The recording probability function (Eq. 6) shows sensitivity to the choice of α and β values (Fig. 3b). Increases to α (black lines) shift the presence function curve towards higher VEI values, in effect reducing the recording probability of eruptions, particularly for VEI ≤ 4. The function displays a larger sensitivity to β values, returning recording probabilities that differ by up to 70 % for perturbations of 1.5. The optimal choice of these values is therefore vital to the applicability and versatility of the statistical model.
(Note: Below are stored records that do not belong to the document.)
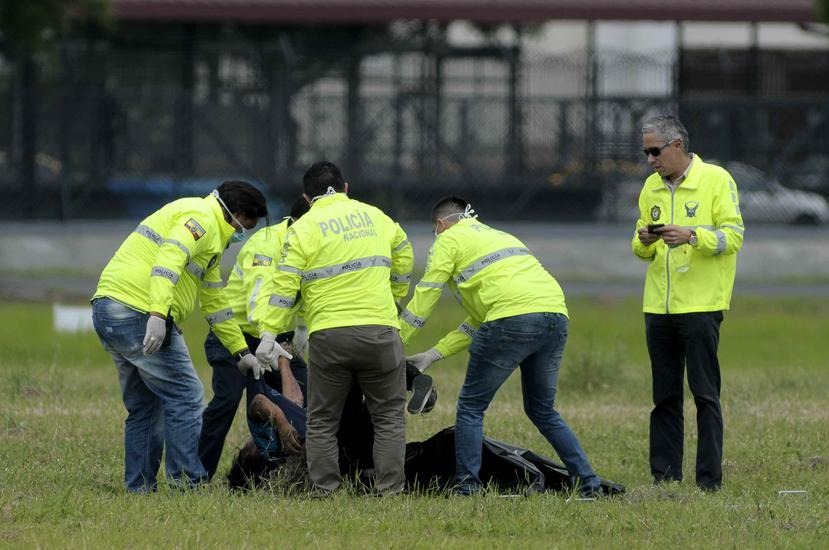 Policías ecuatorianos realizan el levantamiento del cadáver de una de las dos personas que fallecieron al caer presuntamente desde el tren de aterrizaje de un avión en el aeropuerto José Joaquín de Olmedo, en Guayaquil, Ecuador (EFE/Marcos Pin).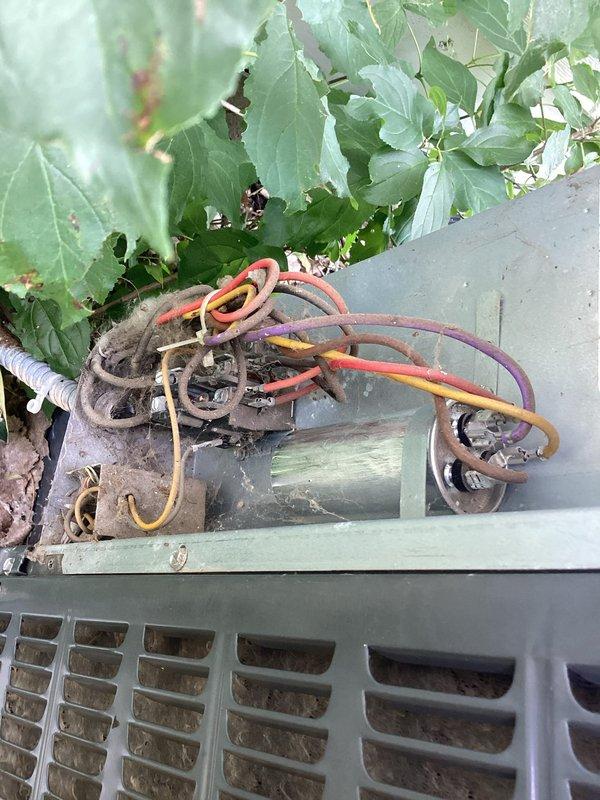 Responded to no-cooling call at duplex property. Upon inspection, found 15-year-old central air conditioning system completely non-operational. Outdoor condensing unit exhibited severe neglect with heavily corroded electrical connections, deteriorated wiring, and substantial accumulation of dirt and debris throughout the unit. 

Diagnostic testing revealed failed run capacitor preventing compressor and condenser fan operation. Electrical terminal housing showed extensive oxidation and weather damage from prolonged exposure to elements. Multiple wire connections displayed corrosion requiring attention during capacitor replacement.

Replaced defective capacitor with properly rated component. Performed thorough cleaning of condensing unit, removing accumulated dirt, debris, and vegetation matter from coils and electrical compartment. Cleaned and secured all electrical connections in terminal area. Cleared surrounding vegetation encroaching on unit for proper airflow.

System tested succes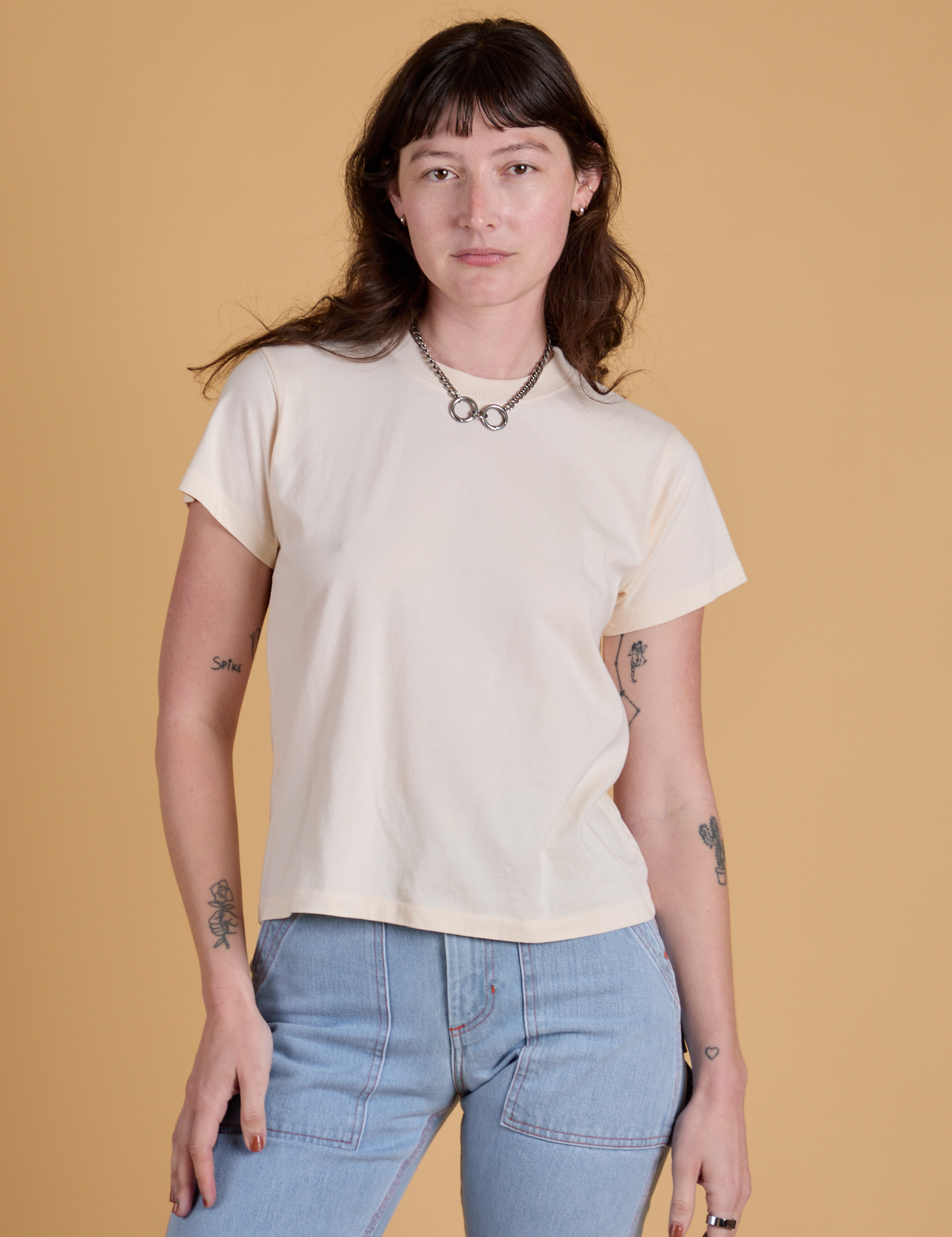 Alex is 5’8” and wearing P Organic Vintage Tee in Vintage Off White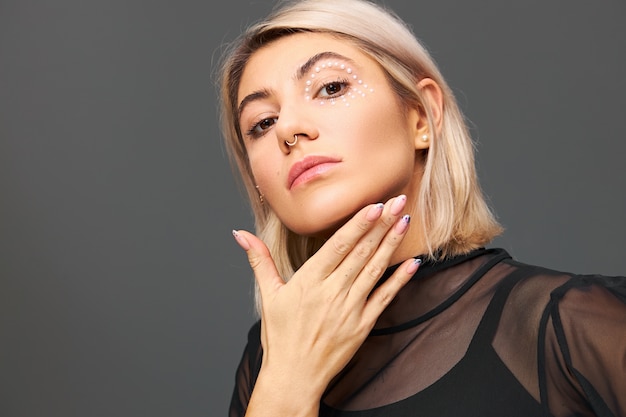 Free photo isolated image of attractive fashionable young female model with facial piercing and stylish make up posing  wearing trendy black transparent blouse. women style, fashion and glamour concept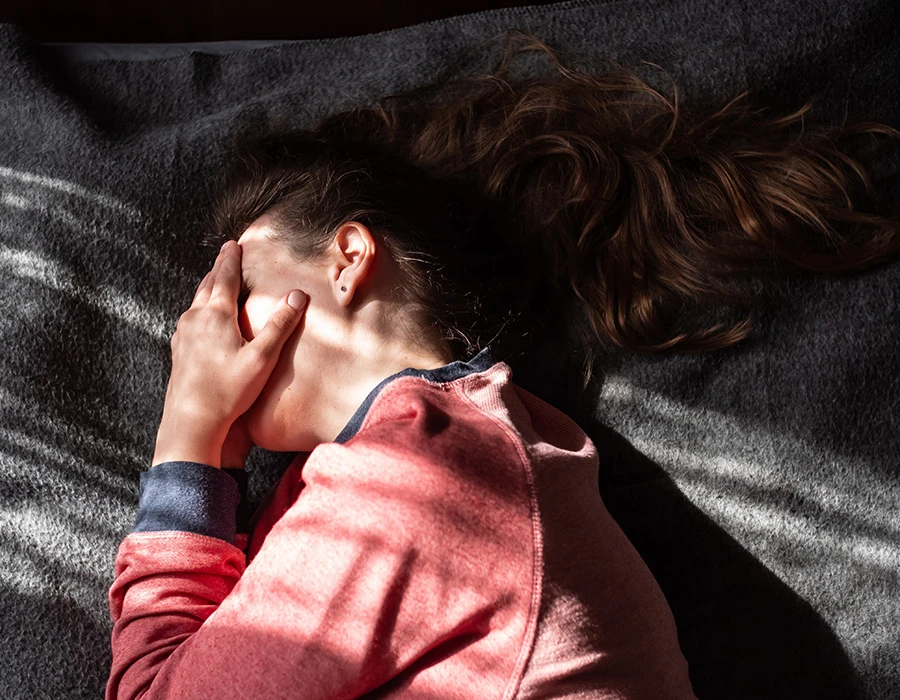 Vrouw ligt met haar hand voor haar gezicht en straalt verdriet en onzekerheid uit.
The effect of the presence function on an artificially generated dataset is demonstrated in Fig. 3c. At parameter values of α = 3.5 and β = 1, VEI 2 eruptions are predicted to be under-recorded by more than 50 %; however, there is almost no impact to the probability of eruptions being recorded with assigned VEIs of between 5 and 7.
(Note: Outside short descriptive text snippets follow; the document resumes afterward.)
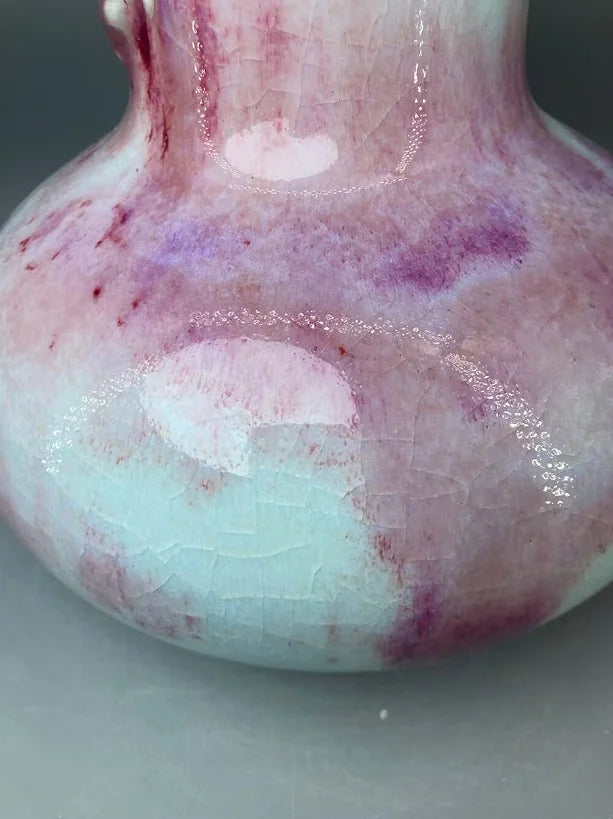 Vase en céramique de forme unique avec des motifs abstraits de couleurs pastel et d'éclats de verre.
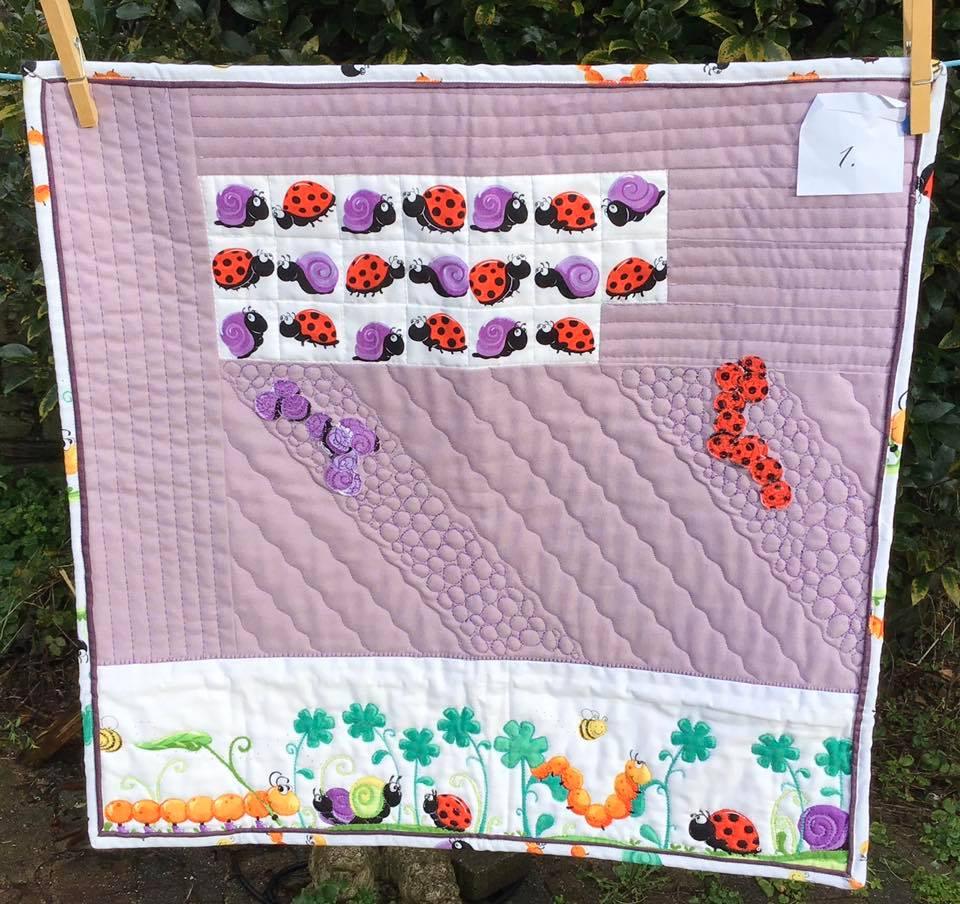 A square quilt with a lavender background. The quilt features a row of colourful ladybirds and snails at the top, and a row of caterpillars, ladybirds, and snails at the bottom. The background is quilted with a wavy pattern.
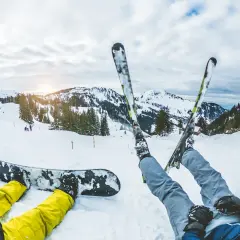 Dwie osoby odpoczywają na śniegu. Jedna leży na desce snowboardowej, druga ma założone narty. W tle góry i stoki narciarskie.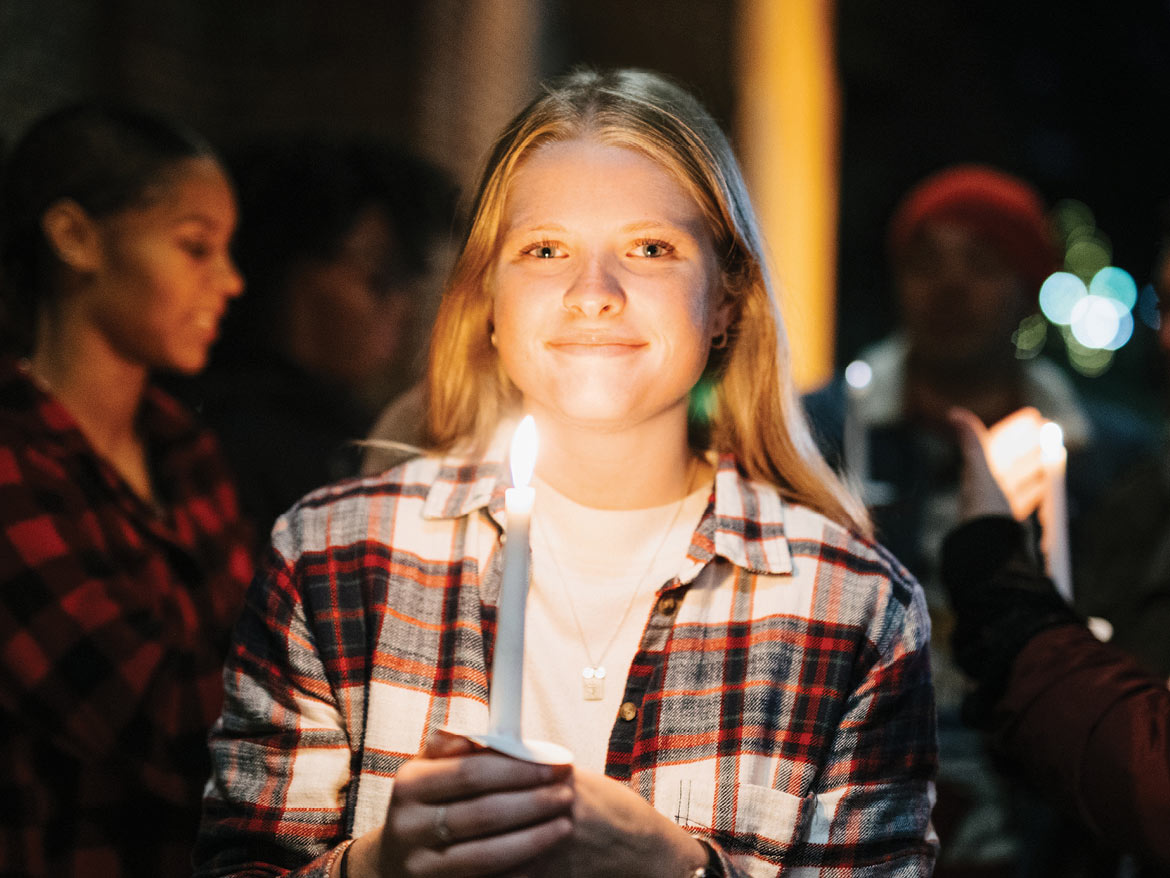 Young woman holding a candle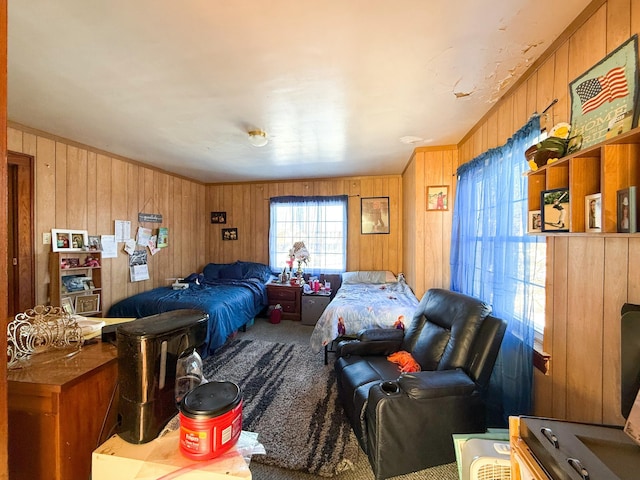 bedroom featuring carpet flooring and wooden walls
Metropolis-Hastings approach

The objective of the MCMC simulation is to find the year k after which eruption data are consistent with the unmodified presence function in Eq. 4. Using the approach of Furlan (2010), the likelihood function for eruptions larger than VEI u can be given as:
$$ \begin{array}{l}L\left(\mu, \sigma, \alpha, \beta, k;\left(t,x\right),\dots, \left({t}_i,{x}_i\right)\right)=\hfill \\ {} \exp \left\{{\displaystyle {\int}_{x=u}^{+\infty }{\displaystyle {\int}_{t=0}^k\lambda \left(t,x\right)\frac{1}{1+{e}^{-\alpha -\beta x}} dtdx}}\right\}\times \exp \left\{{\displaystyle {\int}_{x=u}^{+\infty }{\displaystyle {\int}_{t=k+1}^{2013}\lambda \left(t,x\right) dtdx}}\right\}\hfill \\ {}\times {\displaystyle {\prod}_{i:0<{t}_i\le k}\lambda \left({t}_i,{x}_i\right)}\frac{1}{1+{e}^{-\alpha -\beta x}}\times {\displaystyle {\prod}_{i:k<{t}_i\le 2013}\lambda \left({t}_i,{x}_i\right)}\hfill \end{array} $$
(7)

The parameters μ, σ, ξ, α, β and k were estimated using a Metropolis-Hastings MCMC method, which samples proposed parameter values from a broad initial distribution (prior) and retains the values that give a high likelihood in a chain of likely parameter values (posterior distribution); for more details on MCMC methods, see Coles (2001) and Gilks et al. (1998).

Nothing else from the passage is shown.